Yanna deu um sorriso, intrigada para ver onde aquilo ia parar.

— Segunda opção — mais um dedo levantado — nós revezamos. Eu toco uma vez, você toca outra e por aí vai. E a terceira, e melhor opção, na minha humilde opinião, é tocar alguma coisa juntos.

— Sinto lhe decepcionar, mas eu nunca toquei um dueto, não sei como fazer isso — respondeu ela com sinceridade, a que ele respondeu com mais um sorriso de moleque.

— Já tinha imaginado isso, você toca seguindo todas as instruções.

— Hein?

— Não tem nada de errado nisso, não me leve a mal. Só quer dizer que esse instrumento é seu hobby, não seu maior amor, e está tudo bem. Mas alguém que ama, que se apaixona por seu instrumento, se sente livre para tornar aquilo seu. Pelo menos sempre foi assim pra mim. — a verdade do que ele dizia brilhava em seus olhos, e era um tanto inspirador — Enfim, tem alguns duetos tranquilos, se você for boa de leitura à primeira vista.

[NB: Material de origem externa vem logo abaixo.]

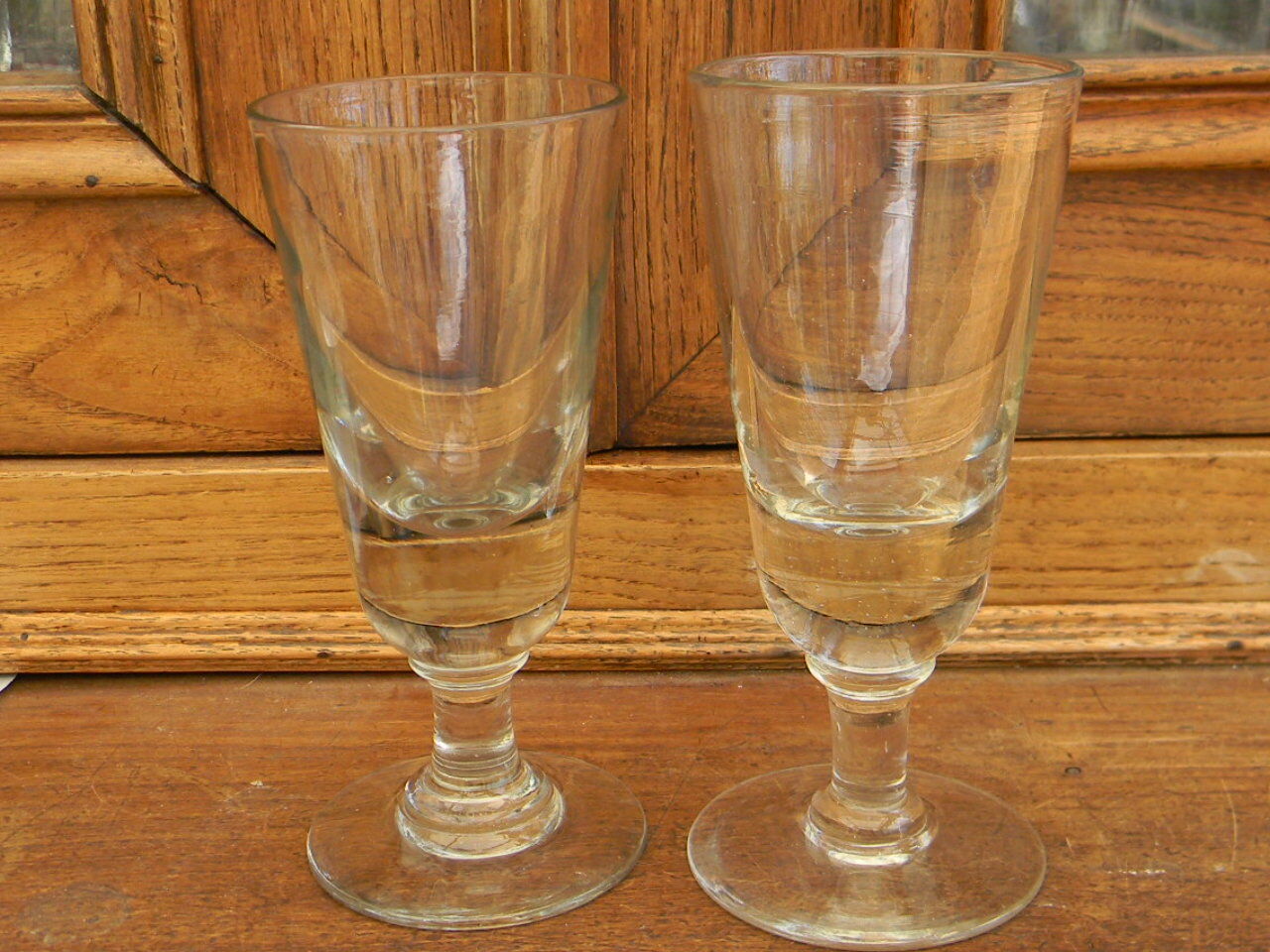 Set of 2 glass absinthe glasses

Yanna pensou por um momento, pesando a situação. Finn parecia uma dessas pessoas capazes de alegrar qualquer um, e ela não estava dispensando a distração no momento.

— Tudo bem. — disse — Aceito. Não me responsabilizo por estragar sua prática, contudo.

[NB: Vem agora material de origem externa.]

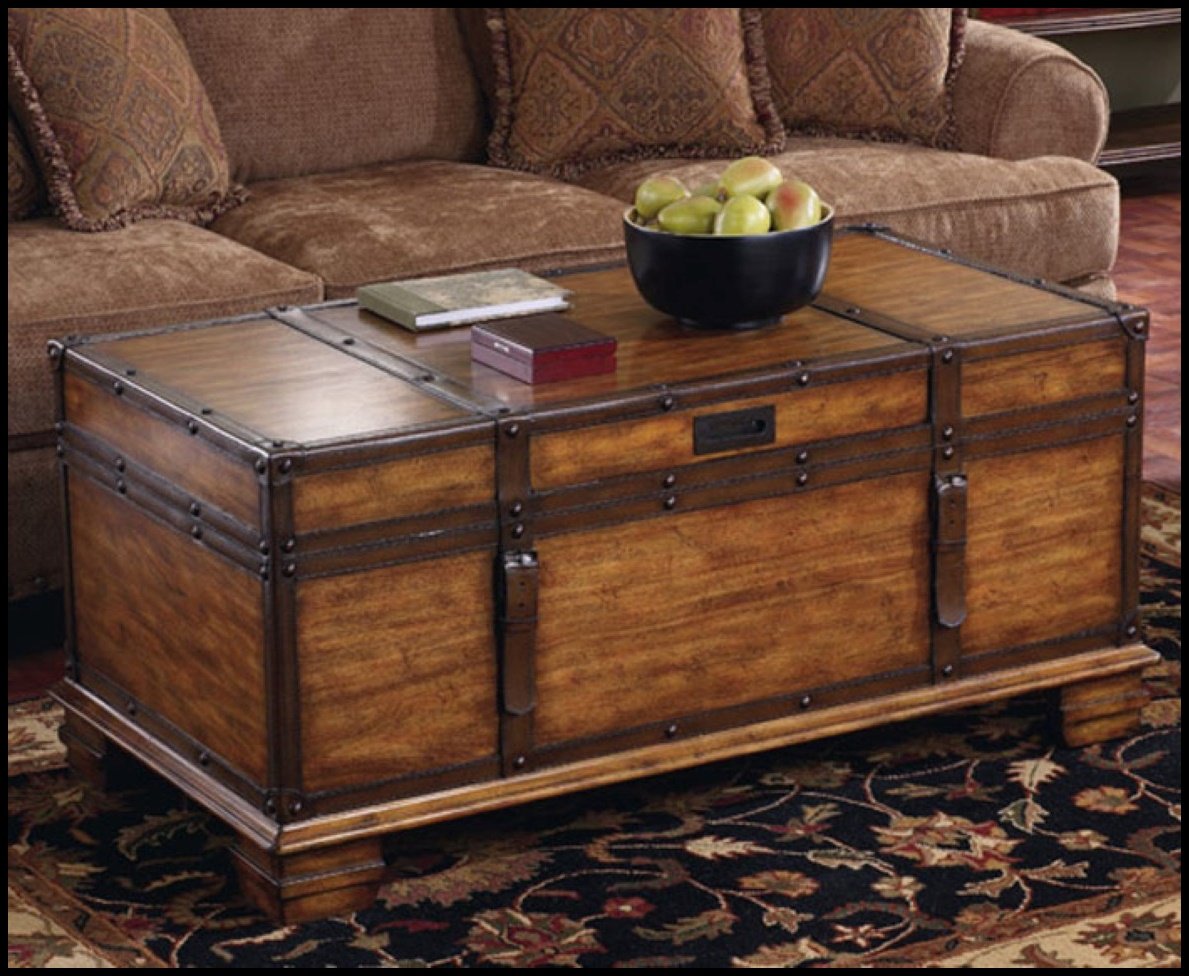 Журнальный столик из чемодана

— O que vale é experiência, não? — disse, e começou a explicar para ela como aquela peça iria funcionar.

Foi bem bagunçado, mas foi uma das vezes em que Yanna mais se divertiu com a música. E teve que dar razão a Finn: ele tocava com uma desenvoltura, um gosto, que ela não tinha nem se propunha a ter. Mas que era bonito de ver, isso era.

Finalizaram quando já era hora do café da manhã ser servido, e andaram juntos pelo corredor até terem que seguir caminhos separados. Logo antes de ele ir, Yanna se lembrou de perguntar:

— O que você faz aqui no palácio? Tenho a sensação de que já ouvi seu sobrenome em algum lugar…

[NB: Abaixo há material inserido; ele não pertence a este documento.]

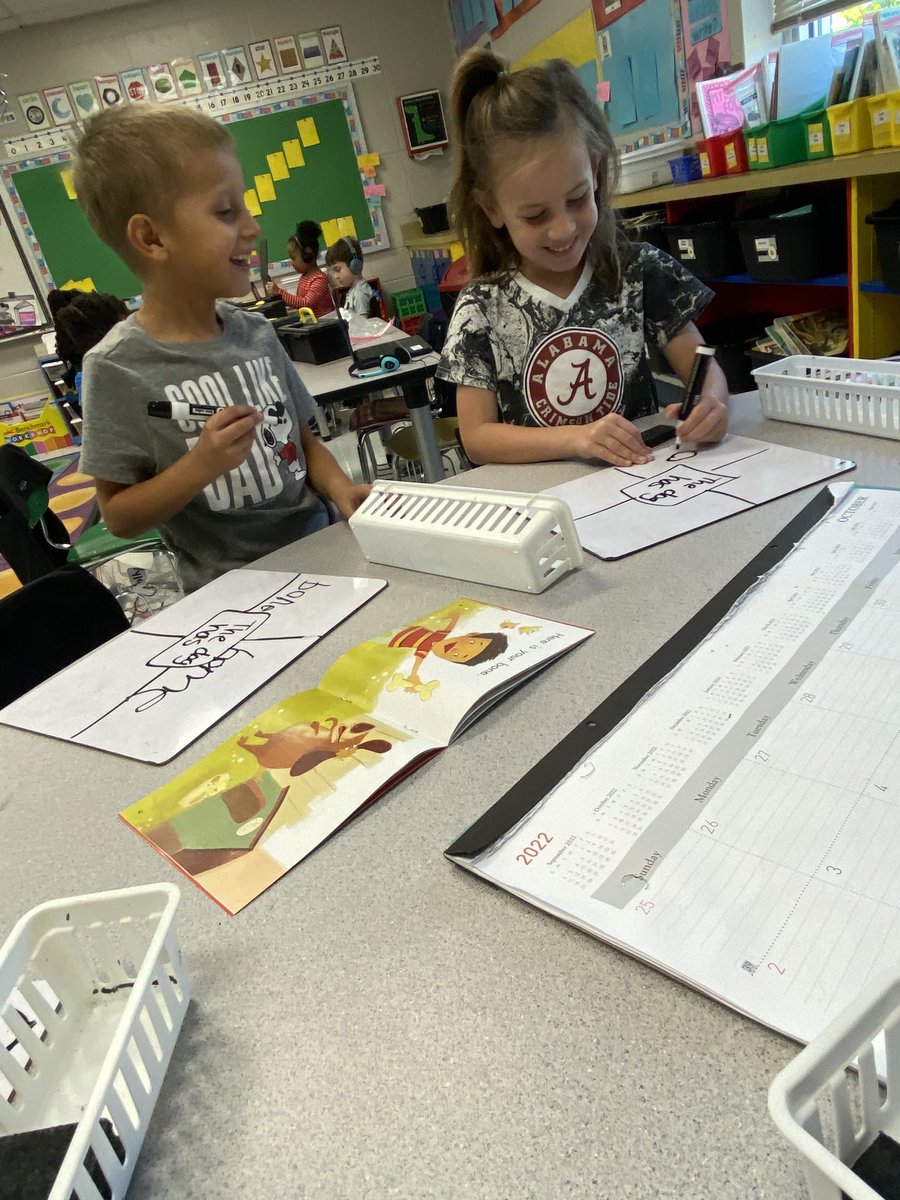 MrsHardyGVESK's tweet photo. Worked hard with @BenchmarkEdu materials in small groups this morning! @GreenValleyElem @HooverSchools https://t.co/jiCloAyr7z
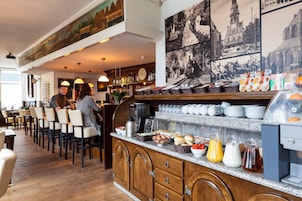 Desayuno buffet diario (EUR 20 por persona)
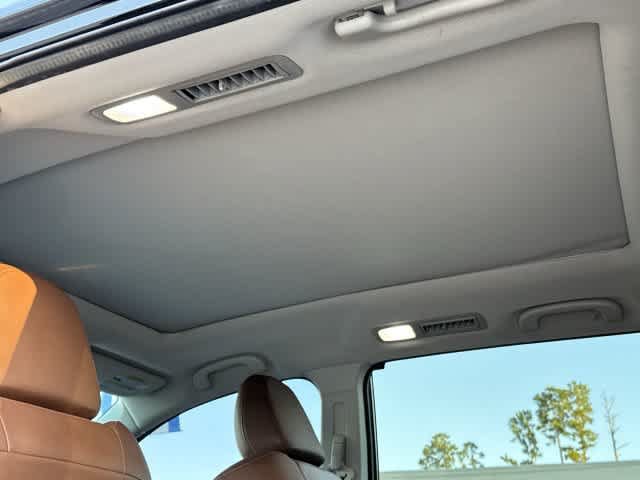 Used 2019 Subaru Ascent Touring AWD/4WD image 17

— É porque você já ouviu. Não é para me gabar nem nada — disse, com um sorriso e postura de convencido —, mas eu sou famoso. Membro dos Caçadores de Elite à sua disposição.

Sorte que ele já estava descendo as escadas quando disse isso. Senão teria visto a expressão de Yanna se desmanchar. Teria visto o rosto dela empalidecer e os olhos se arregalarem por um instante. Teria visto o momento de puro medo que tomou conta da garota por aquele segundo. E, mesmo se tivesse visto tudo isso, não teria sido capaz de entender o tipo de alarme que soou na mente de Yanna naquele instante.